Note, that xdiff will try to extract function body as it was written, but it doesn't always work smoothly. One сommon case when function body isn't available is when function is defined in REPL, so for better experience load functions using include(<filename>) or using <module>.

Limitations

• loops are not supported
• conditional branching is not supported

Loops and conditional operators may introduce discontinuity points, potentially resulting in very complex and heavy piecewise expressions, and thus are not supported. However, many such expressions may be rewritten into analytical form. For example, many loops may be rewritten into some aggregation function like sum() (already supported), and many conditions may be expressed as multiplication like f(x) * (x > 0) + g(x) * (x <= 0) (planned). Please, submit an issue if you are interested in supporting some specific feature.

How it works

On the high level, scalar expressions are differentiated as follows:

1. Expression is parsed into an ExGraph - a set of primitive expressions, mostly assignments and single function calls.
2. Resulting ExGraph is evaluated using example values to determine types and shape of all variables (forward pass).
3. Similar to reverse-mode automatic differentiation, derivatives are propagated backward from output to input variables.
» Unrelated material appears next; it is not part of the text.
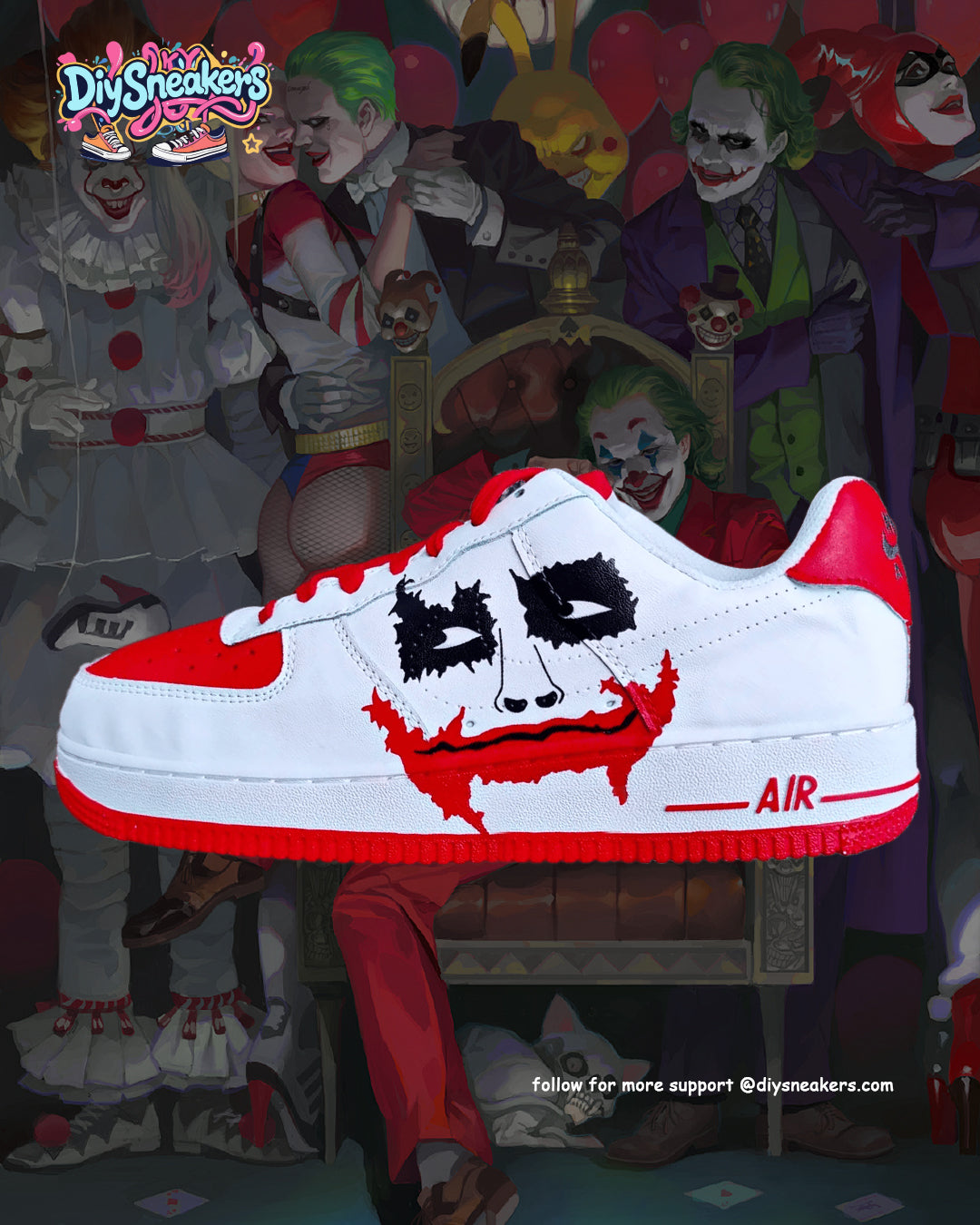 Customized Joker Hand-painted Air Force 1 Shoes White/Red – hand-painted custom sneakers | DiySneakers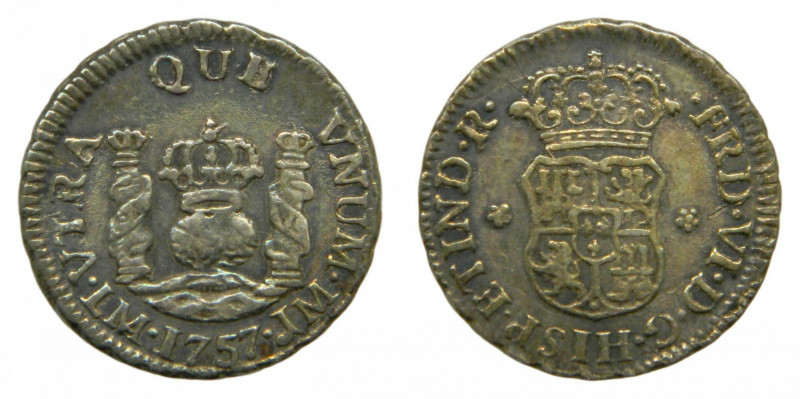AMÉRICA. Fernando VI (1746-1759). 1757 JM. 1/2 real. Lima. (AC 60). Columnario....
Unlike AD, however, derivatives aren't represented as values, but instead as symbolic exprssions.

Tensor expressions exploit very similar pipeline, but act in Einstein notation.

1. Tensor expression is transformed into Einstein notation.
2. Expression in Einstein notation is parsed into an Einraph (indexed variant of ExGraph).
3. Resulting EinGraph is evaluated.
4. Partial derivatives are computed using tensor or element-wise rules for each element of each tensor, then propagated from output to input variables.
5. Optionally, derivative expressions are converted back to vectorized notation.